President Donald Trump's administration keeps throwing one obstacle after another at asylum seekers at the U.S.-Mexico border, but LGBTQ asylum seekers continue to dream of coming to the United States.

"If I get asylum in the U.S., I will go wherever I have a sponsor," Marina T., a 28-year-old trans hairstylist from San Pedro Sula, Honduras, told Human Rights Watch researchers. "I want to become independent, find work, finish my studies, and live a life full of peace, full of love, the love that I never received from my family in Honduras. I don't want to keep suffering."

Participants in the report about LGBTQ asylum seekers from El Salvador, Guatemala, and Honduras were only identified by their first names and the first initial of their last names to protect their safety. The area is also known as the Northern Triangle of Central America.

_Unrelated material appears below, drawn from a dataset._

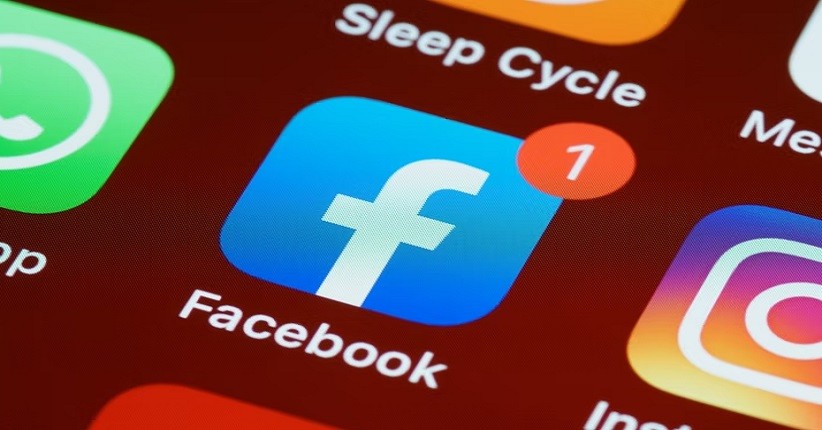 Cara Membaca Pesan / Chat Orang Lain di FB Tanpa Ketahuan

This text will be the link"'Every Day I Live in Fear': Violence and Discrimination against LGBT People in El Salvador, Guatemala, and Honduras, and Obstacles to Asylum in the United States,"> was published by HRW October 7.

Marina T. is one of the many LGBTQ migrants from the Northern Triangle who are still dreaming of a better life in America.

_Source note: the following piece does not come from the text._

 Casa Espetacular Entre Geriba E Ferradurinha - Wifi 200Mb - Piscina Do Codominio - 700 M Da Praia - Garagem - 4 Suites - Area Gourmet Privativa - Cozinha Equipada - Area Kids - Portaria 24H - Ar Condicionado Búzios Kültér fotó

Marina T. told HRW researchers that in San Pedro Sula, she was gang-raped by nine members of the MS-13 gang in 2017. The men broke her clavicle.

"I had nowhere to flee in my country," she said, believing her brother, who is transphobic, had something to do with the attack that night after she left work.

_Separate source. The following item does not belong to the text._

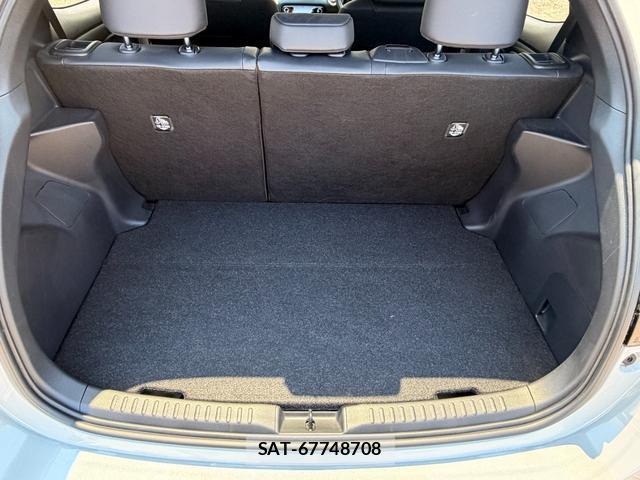 Toyota YARIS 2025-07 8815185-17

Like many others, Marina T. never reported the sexual assault to the police. The men threatened to kill her mother and sister if she went to the police, Marina T. told HRW.

As soon as the clinic informed her that she tested negative for HIV following the sexual assault she fled for America.

Marina T. has been waiting in Tijuana for her metering number to be called by the U.S. Customs and Border Protection.

The U.S. border patrol is only allowed to let a limited number of asylum seekers cross over the Mexican border into the U.S. each day. The global coronavirus pandemic has only prolonged the wait for many anxious LGBTQ asylum seekers stuck at the border in a situation that is not much better than the one back home.

Many gay men, lesbians, and transgender women told Neela Ghoshal, senior researcher at the LGBT Rights Program at Human Rights Watch, and her small team of researchers, stories about being raped and beaten up by Mexican men.

Going to Guatemala is not an option for Mariana T. The gang network is broad, and Guatemala is too close to her home country.

"They could find me in Guatemala and kill me," she said.

Mexico and Guatemala, countries that the U.S. has selected to host asylum seekers, are not LGBTQ asylum seekers' ultimate destination. It is not safe in either country for them. They are keeping their eyes on the prize: the U.S.

Inspiring rainbow caravan

At the end of 2018, when caravans of migrants fleeing the Northern Triangle arrived along the U.S.-Mexico border, one caravan stood out.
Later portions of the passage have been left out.